* Material for this task
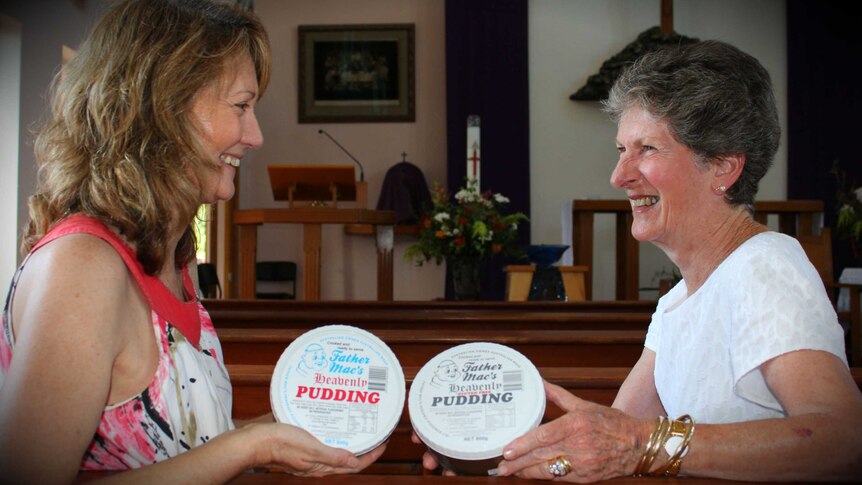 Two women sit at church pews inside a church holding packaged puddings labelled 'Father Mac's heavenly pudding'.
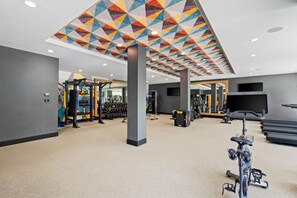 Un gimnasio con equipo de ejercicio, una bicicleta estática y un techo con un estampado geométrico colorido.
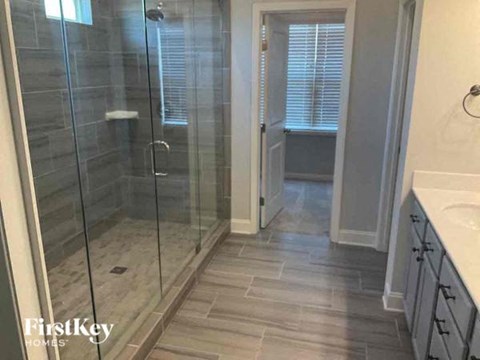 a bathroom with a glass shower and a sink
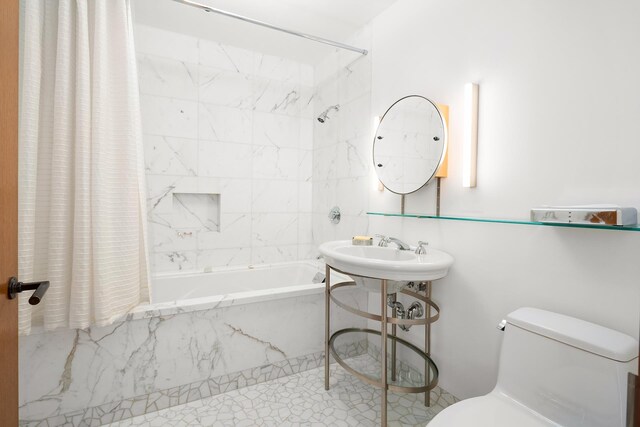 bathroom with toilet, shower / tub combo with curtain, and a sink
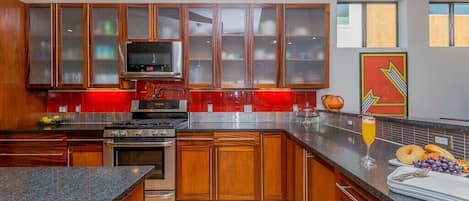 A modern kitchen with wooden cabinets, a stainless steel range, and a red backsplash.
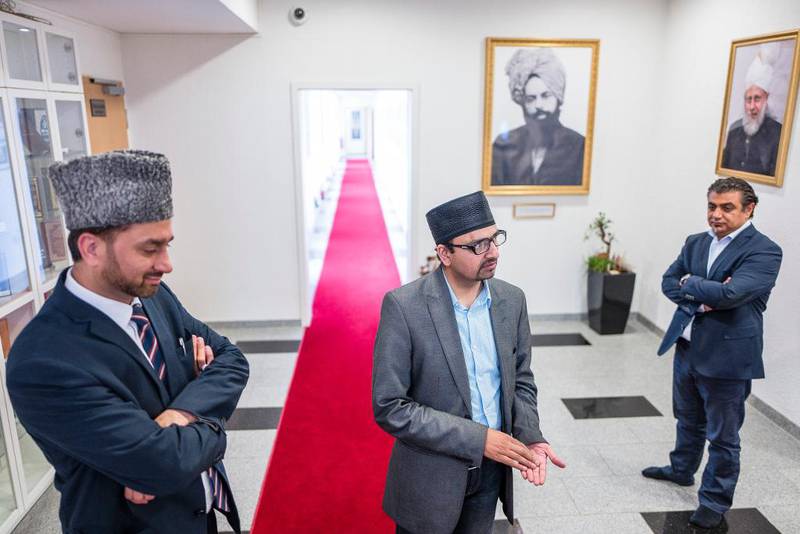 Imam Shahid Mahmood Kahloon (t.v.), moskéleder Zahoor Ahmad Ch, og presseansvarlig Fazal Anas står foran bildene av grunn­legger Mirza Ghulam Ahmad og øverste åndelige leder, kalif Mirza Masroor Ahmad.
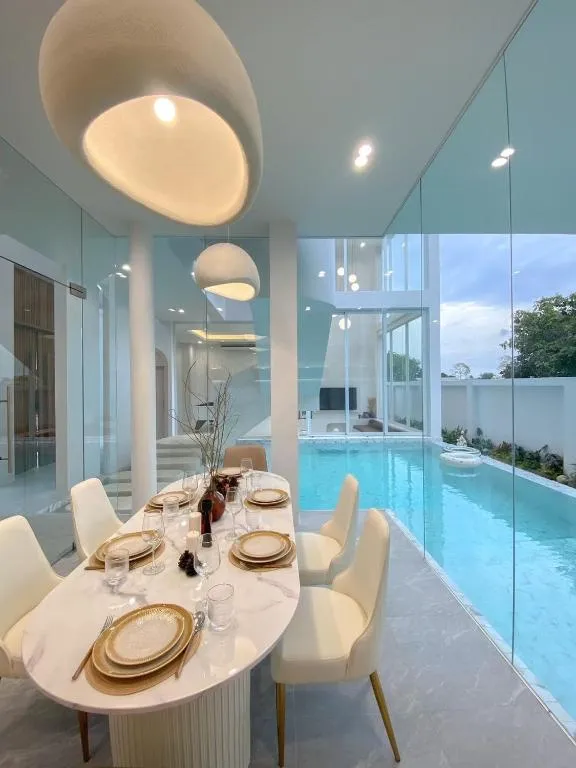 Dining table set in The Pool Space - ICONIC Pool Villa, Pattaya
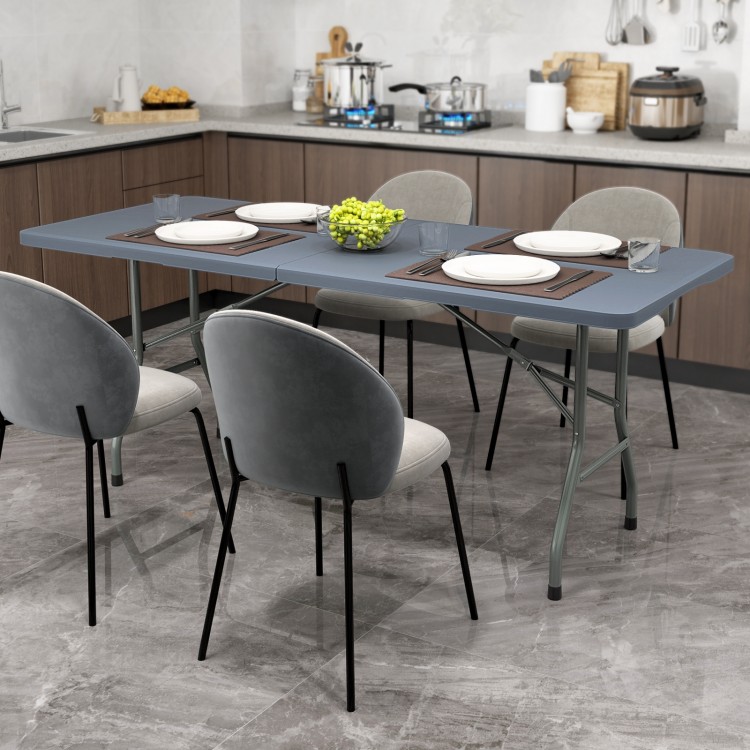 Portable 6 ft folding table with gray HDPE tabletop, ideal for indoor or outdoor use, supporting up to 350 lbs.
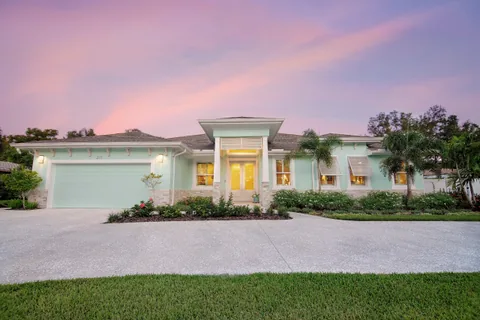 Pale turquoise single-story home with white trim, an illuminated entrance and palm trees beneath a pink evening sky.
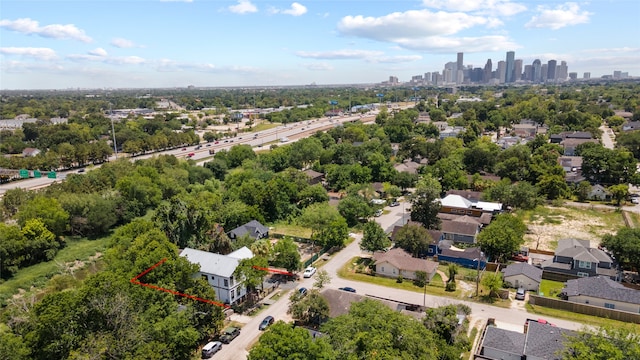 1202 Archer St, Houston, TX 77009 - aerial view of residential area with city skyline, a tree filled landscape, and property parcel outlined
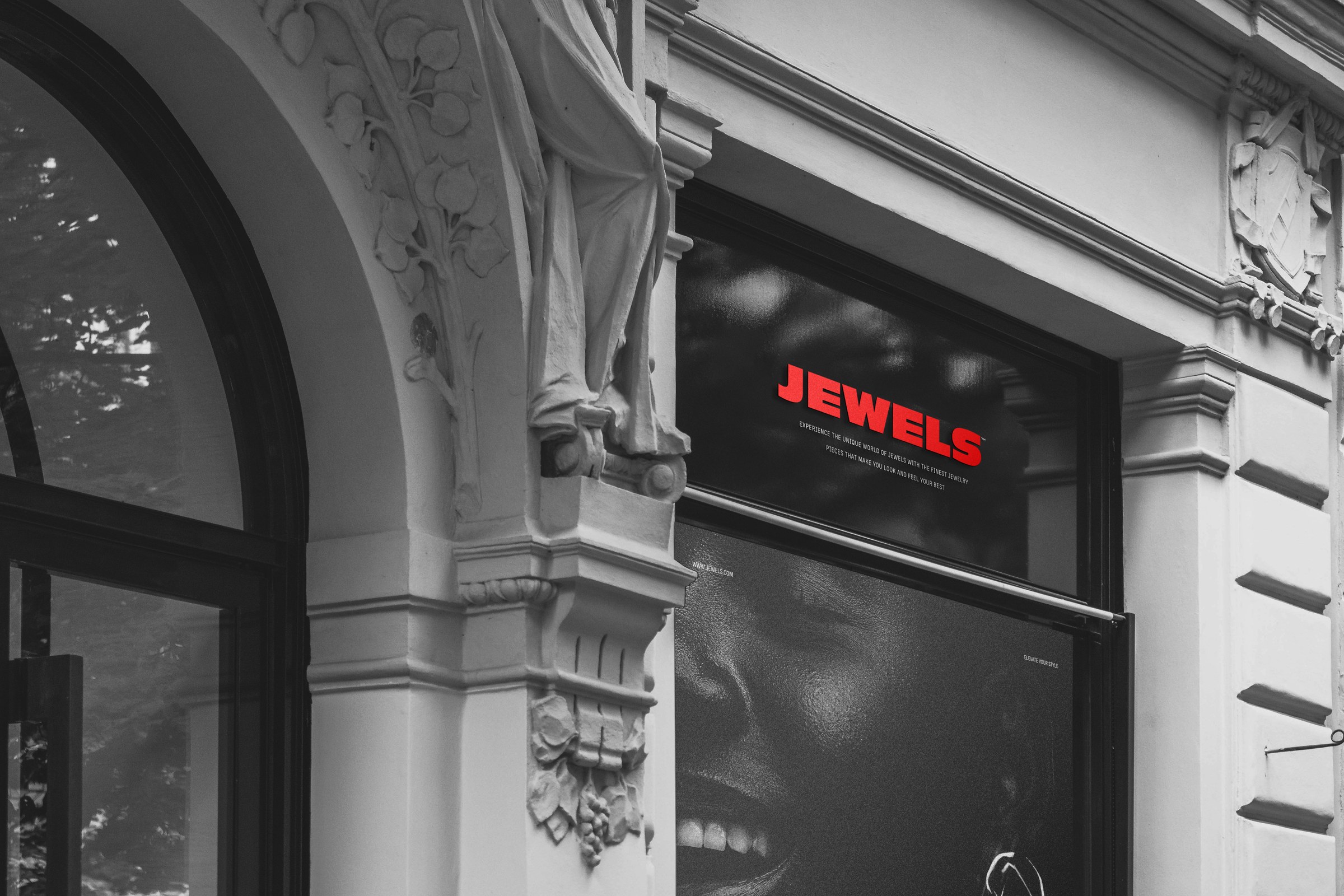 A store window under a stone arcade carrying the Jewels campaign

--

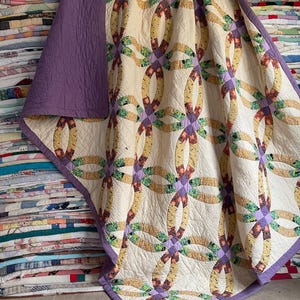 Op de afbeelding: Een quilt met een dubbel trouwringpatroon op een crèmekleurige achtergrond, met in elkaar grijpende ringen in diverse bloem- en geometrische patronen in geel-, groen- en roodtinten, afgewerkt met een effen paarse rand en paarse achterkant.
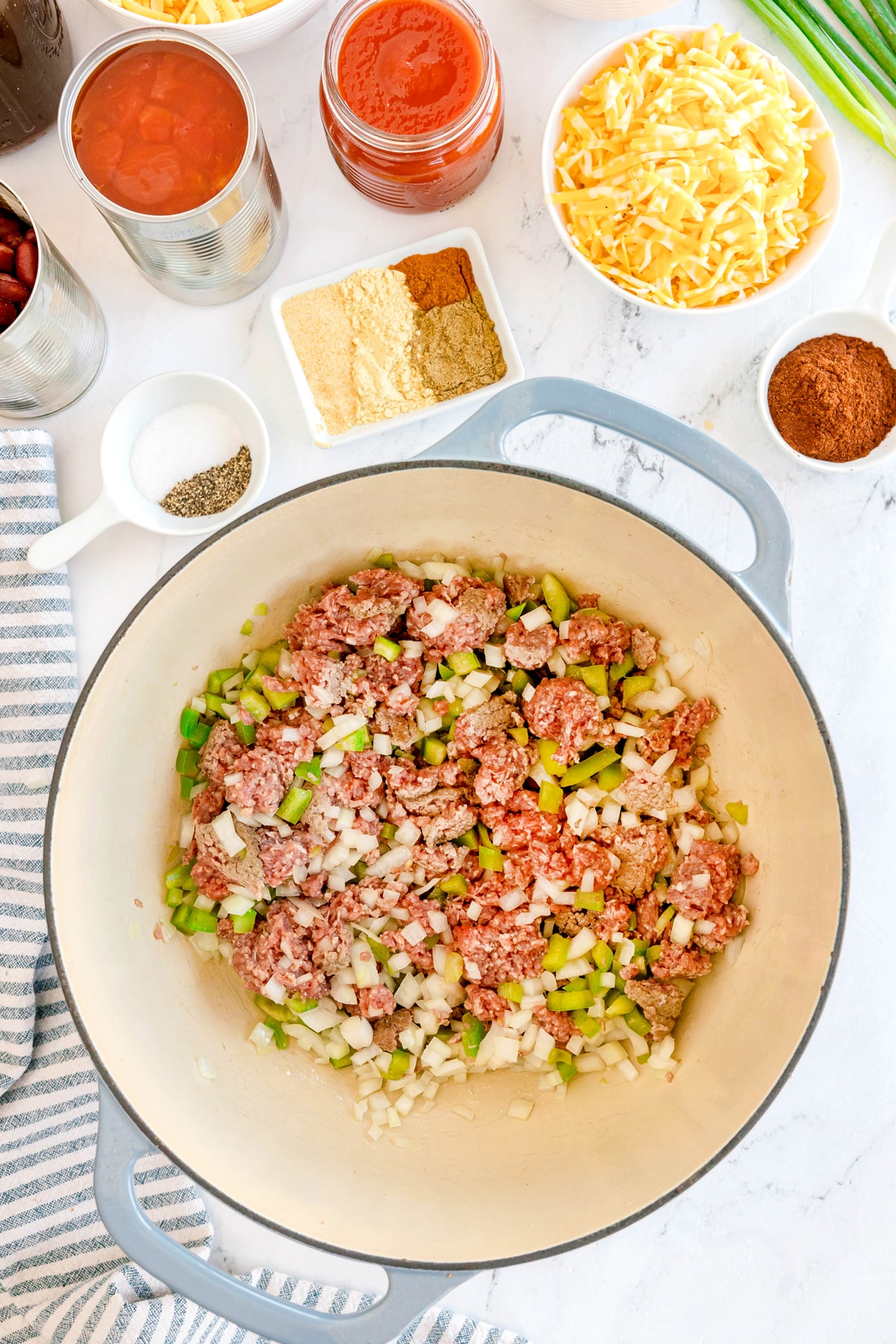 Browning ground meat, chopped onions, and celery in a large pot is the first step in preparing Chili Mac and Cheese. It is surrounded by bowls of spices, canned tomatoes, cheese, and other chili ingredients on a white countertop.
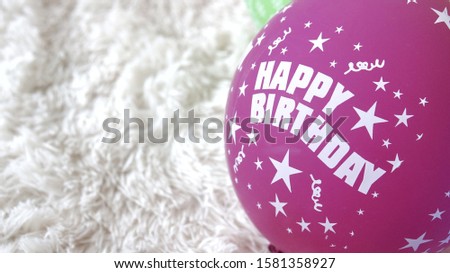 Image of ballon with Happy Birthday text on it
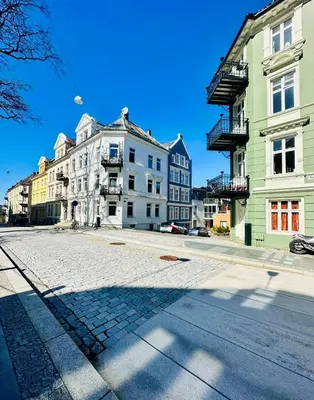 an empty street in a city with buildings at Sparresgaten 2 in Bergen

==

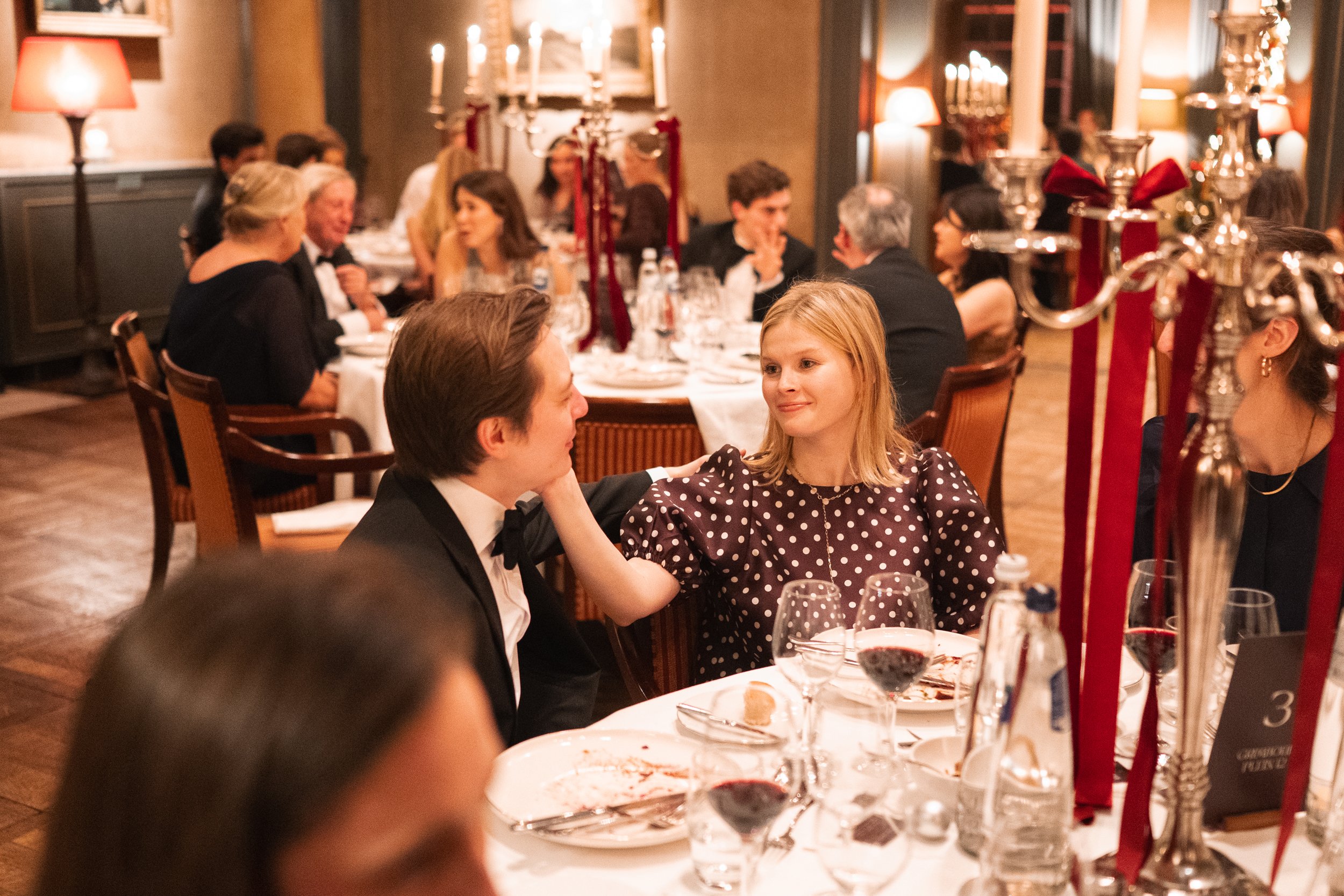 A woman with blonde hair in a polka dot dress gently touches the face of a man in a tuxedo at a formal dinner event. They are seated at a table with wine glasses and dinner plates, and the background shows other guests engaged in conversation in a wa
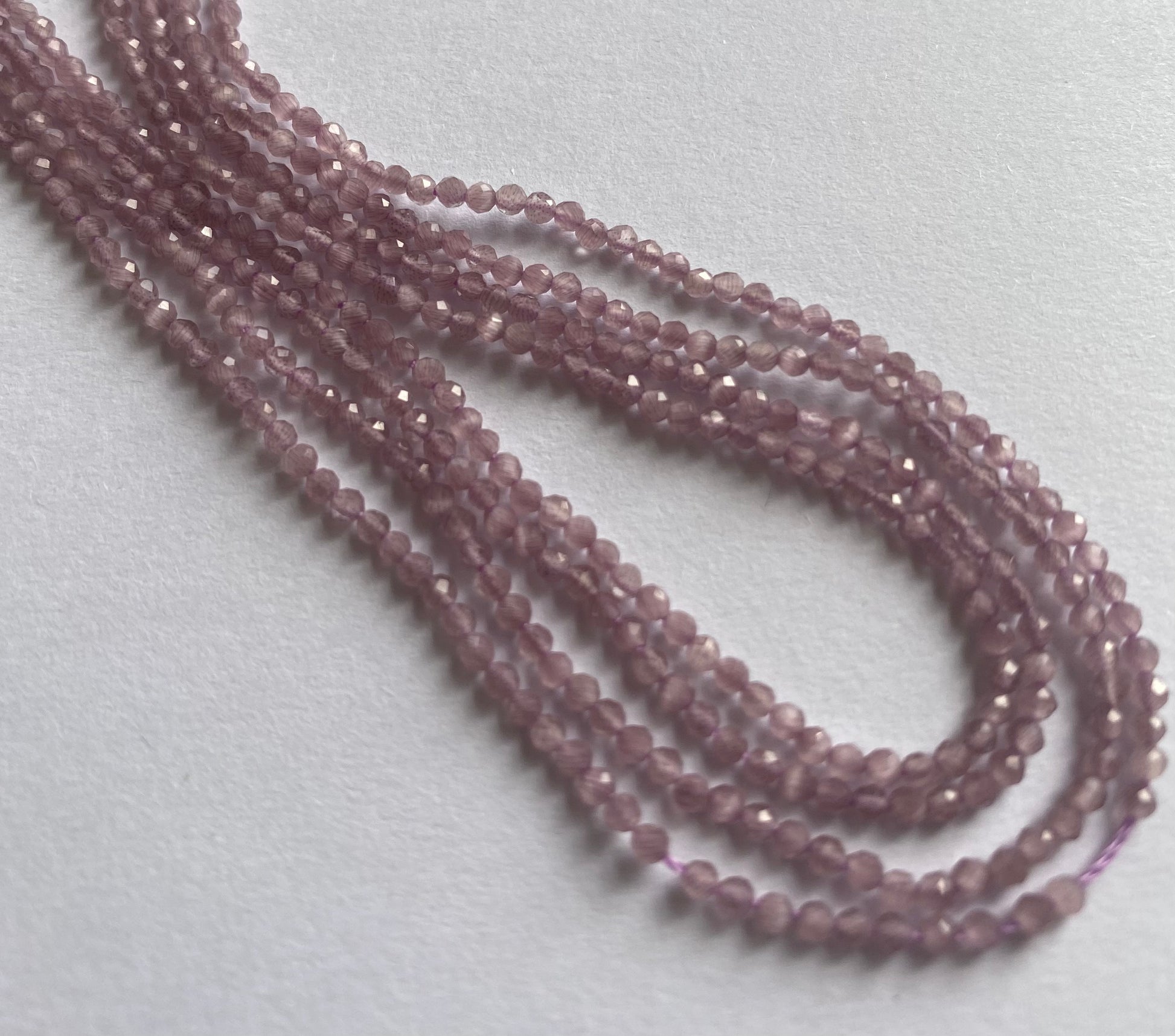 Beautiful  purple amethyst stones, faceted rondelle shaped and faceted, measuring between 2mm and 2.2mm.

* Your objective
Could you repeat, exactly, only the lines above starting at the one that has "A modern kitchen" and stopping after the one that has "Imam Shahid Mahmood", without the pictures?

* Exercise solution
 A modern kitchen with wooden cabinets, a stainless steel range, and a red backsplash.
 Imam Shahid Mahmood Kahloon (t.v.), moskéleder Zahoor Ahmad Ch, og presseansvarlig Fazal Anas står foran bildene av grunn­legger Mirza Ghulam Ahmad og øverste åndelige leder, kalif Mirza Masroor Ahmad.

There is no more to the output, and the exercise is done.